Ioerger v. HALVERSON CONST. CO., INC.

JUSTICE KILBRIDE,

dissenting:

In my view, a question of material fact exists as to whether Halverson and the Joint Venture paid for the workers’ compensation benefits in this case and were, therefore, entitled to immunity from tort liability under the Workers’ Compensation Act (Act) (820 ILCS 305/1 et seq. (West 2000)). I believe the appellate court properly reversed the trial court’s grant of summary judgment. Accordingly, I respectfully dissent.

Summary judgment is appropriate only when “the pleadings, depositions, and admissions on file, together with the affidavits, if any, show that there is no genuine issue as to any material fact and that the moving party is entitled to a judgment as a matter of law.” 735 ILCS 5/2 — 1005(c) (West 2000). In reviewing a grant of summary judgment, this court must construe the pleadings, depositions, admissions, and affidavits strictly against the moving party and liberally in favor of the nonmoving party. Williams v. Manchester, 228 Ill. 2d 404, 417 (2008). Summary judgment is a drastic means of disposing of litigation that should not be granted unless the movant’s right to judgment is clear and free from doubt. Forsythe v. Clark USA, Inc., 224 Ill. 2d 274, 280 (2007); Adams v. Northern Illinois Gas Co., 211 Ill. 2d 32, 43 (2004).

In the summary judgment motions, defendants Halverson and the Joint Venture asserted immunity from tort liability under the Act.
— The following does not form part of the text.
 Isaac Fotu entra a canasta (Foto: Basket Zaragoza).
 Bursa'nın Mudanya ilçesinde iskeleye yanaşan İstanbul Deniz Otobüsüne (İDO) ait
In Forsythe, this court examined the exclusive remedy provision in the Act (820 ILCS 305/5(a) (West 2000)). Forsythe, 224 Ill. 2d at 296. This court recognized that a party must contribute to providing workers’ compensation benefits to receive the benefit of the Act’s immunity. Forsythe, 224 Ill. 2d at 298. As noted by the majority, the Act’s immunity from tort liability is based on “the simple proposition that one who bears the burden of furnishing workers’ compensation benefits for an injured employee should not also have to answer to that employee for civil damages in court.” 232 Ill. 2d at 203, citing Schmidt v. Milhurn Brothers, Inc., 296 Ill. App. 3d 260, 269 (1998). Thus, the Act’s protection from tort liability is limited to the party that pays workers’ compensation premiums or otherwise provides those benefits.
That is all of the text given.